The case started with a bank fraud investigation in North Dakota. Investigators were trying to identify a suspect linked to a fake ID, so they ran an image through a facial recognition program that uses artificial intelligence. The software kicked back Lipps as a possible match, and that tip made its way to Fargo police.
That is where the case started to go off the rails. Former Fargo Police Chief Dave Zibolski later admitted detectives wrongly assumed the photo from the fake ID had been matched up with surveillance images from the crimes. It had not.

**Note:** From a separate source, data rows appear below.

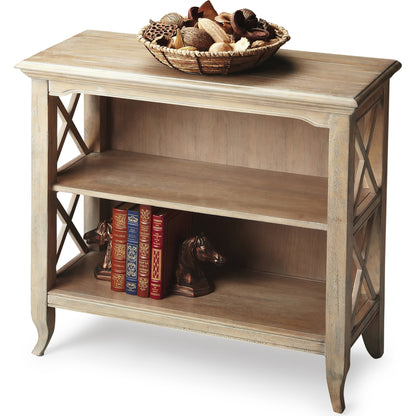 Newport Low Bookcase by Butler Specialty Company. Made from unique in a modern style.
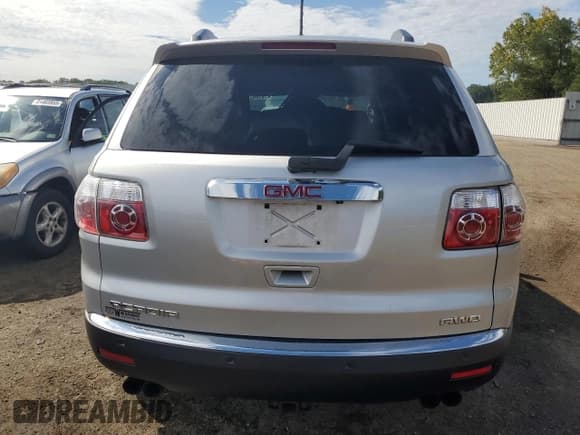 ✅ 2010 GMC Acadia SLE • VIN: 1GKLVLEDXAJ192202 • Lot: 81847165. Wystawiony na Copart z przebiegiem 182 543 mil. Bezpłatny archiwum sprzedaży aukcyjnych z USA i szczegółowy raport historii pojazdu na DreamBid. Zdjęcie 6.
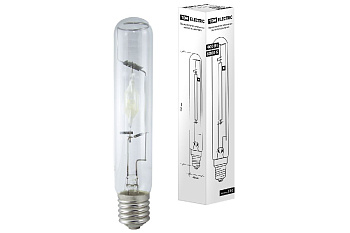Лампа металлогалогенная TDM Electric E40 400W 6000K прозрачная SQ0325-0018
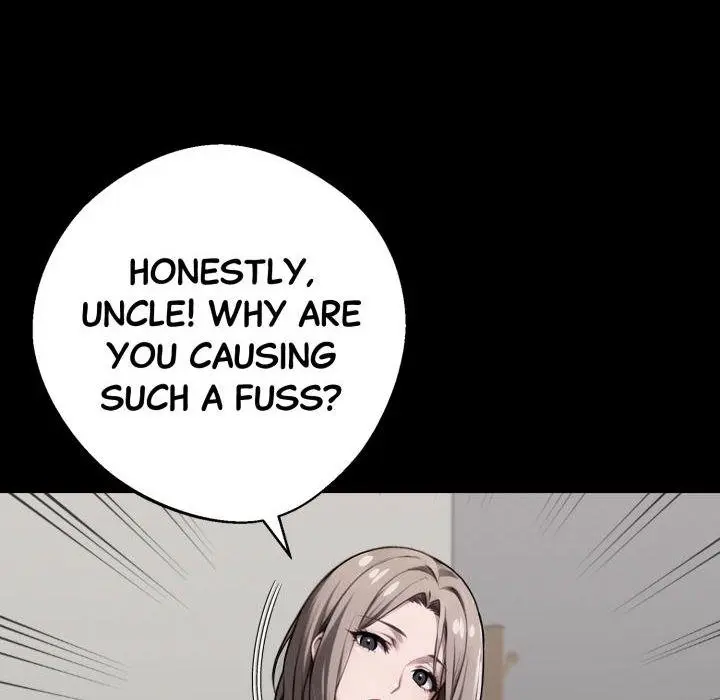 Gangster X Office Lady Chapter 40 - Page 79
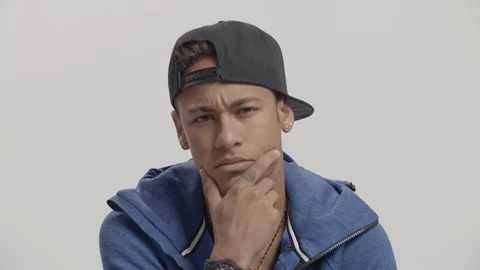 Neymar Jr Reaction GIF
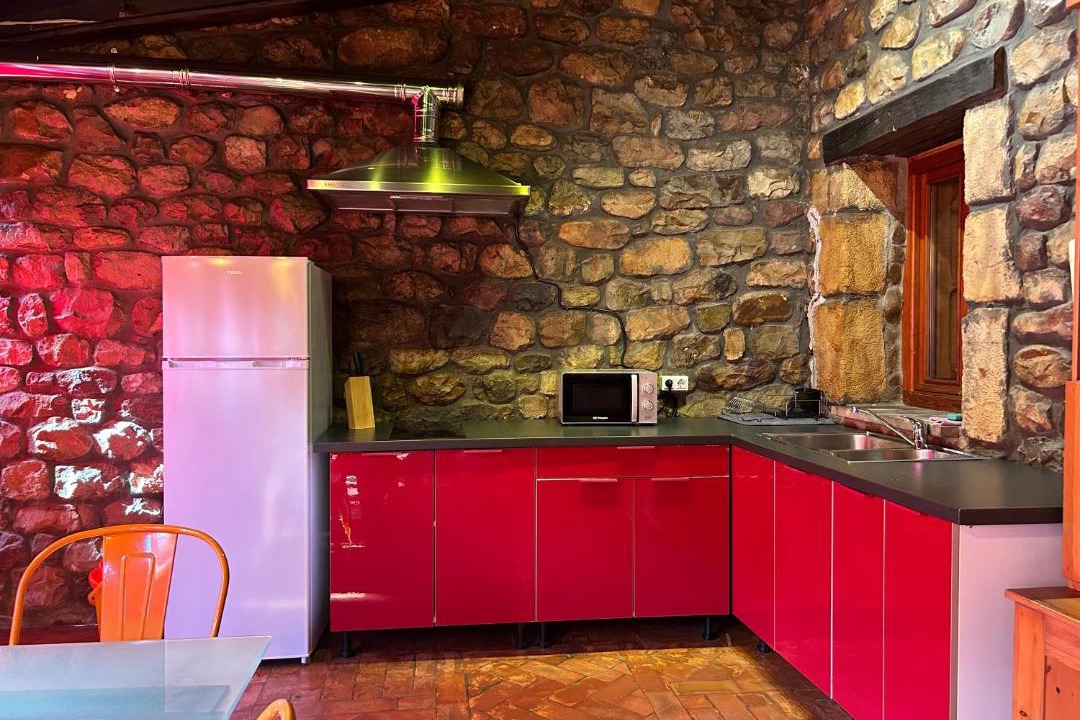 Photo of Kitchen in Vernejo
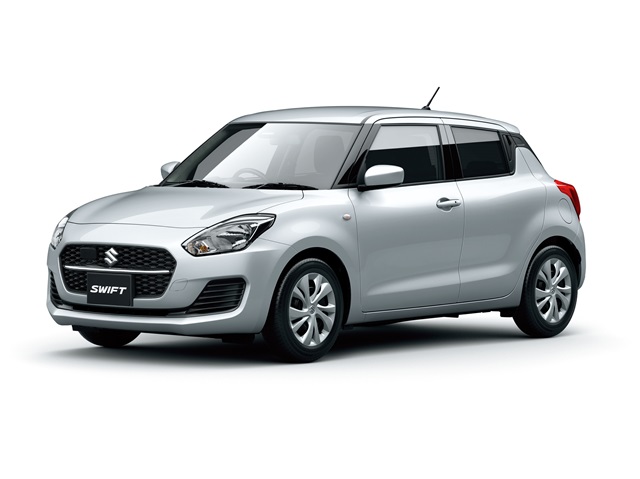 Compact（SWIFT HYBRID or similar） (plan : 12586) | Family Rental CarNew Chitose Airport Store							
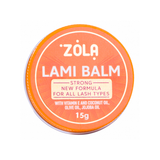 ZOLA | Lami Balm Lash Glue Orange 15g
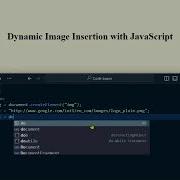 How To Dynamically Add Images To HTML With JavaScript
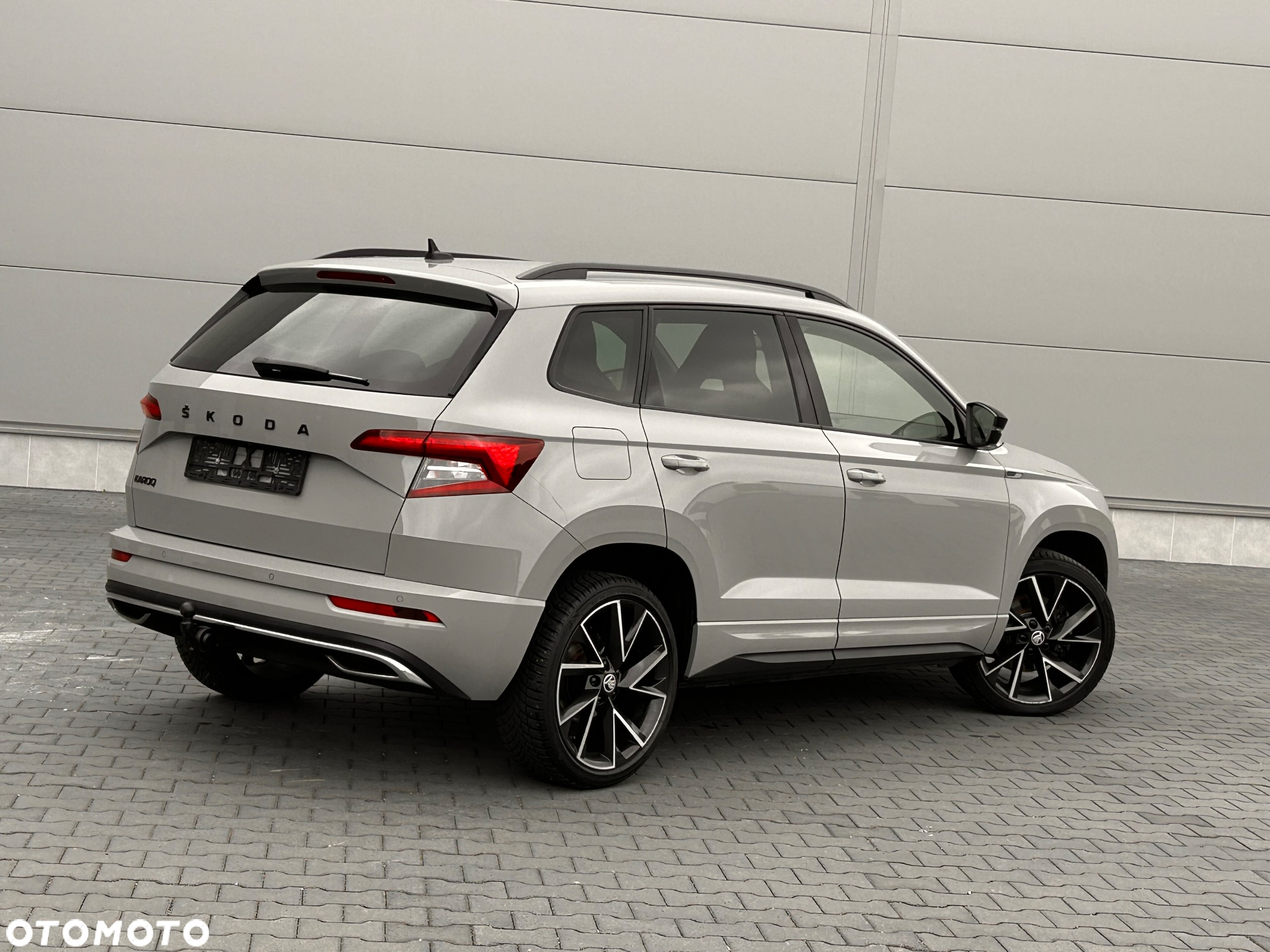 Skoda Karoq 1.5 TSI ACT 4x2 Sportline DSG - 6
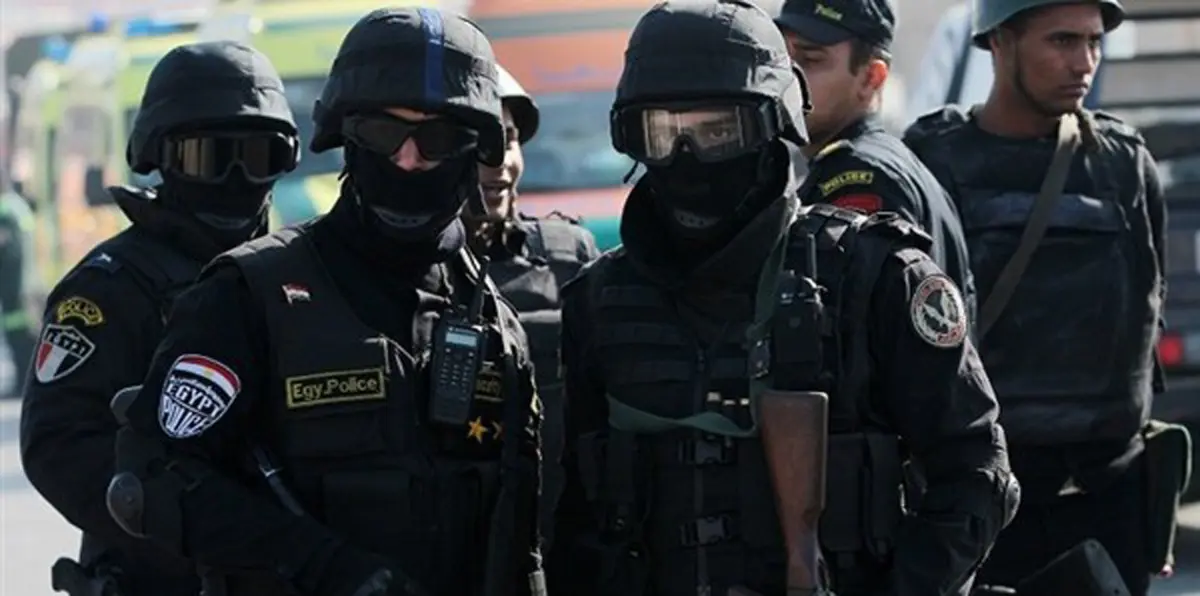 مصر تلقي القبض على خلية إرهابية قادمة من العراق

“They forwarded that information to our detectives, who then assumed wrongly that they had also sent in the surveillance photos with that photo ID,” Zibolski said. “As you can imagine, the photo on the fake ID that I use doesn’t necessarily mean that I am the person that’s in the fake ID.”
Police also skipped a basic step that might have blown up the case before it ever got to a warrant. Fargo detectives did not send the surveillance images through the approved state-run facial recognition hub, even though that system existed for exactly that reason.
“We should have done that,” Zibolski admitted.
Instead, the case kept moving. Lipps was arrested at gunpoint in Tennessee in July 2025 while she was babysitting four children.
She was then locked up in a county jail for 108 days without bail before she was extradited to Cass County, North Dakota, on felony charges that included theft and unauthorized use of personal identifying information.
Lipps spent a total of five months in jail before she finally got out. She was released only after she found an attorney who pulled bank records showing she was in Tennessee at the times police claimed she was committing crimes in Fargo. Those records showed she was at a local gas station, ordering a pizza and using CashApp.
That evidence punched a hole right through the case. The charges were dismissed on Christmas Eve, with Fargo detectives, the state’s attorney and a local judge agreeing to dismiss them without prejudice while the investigation continued.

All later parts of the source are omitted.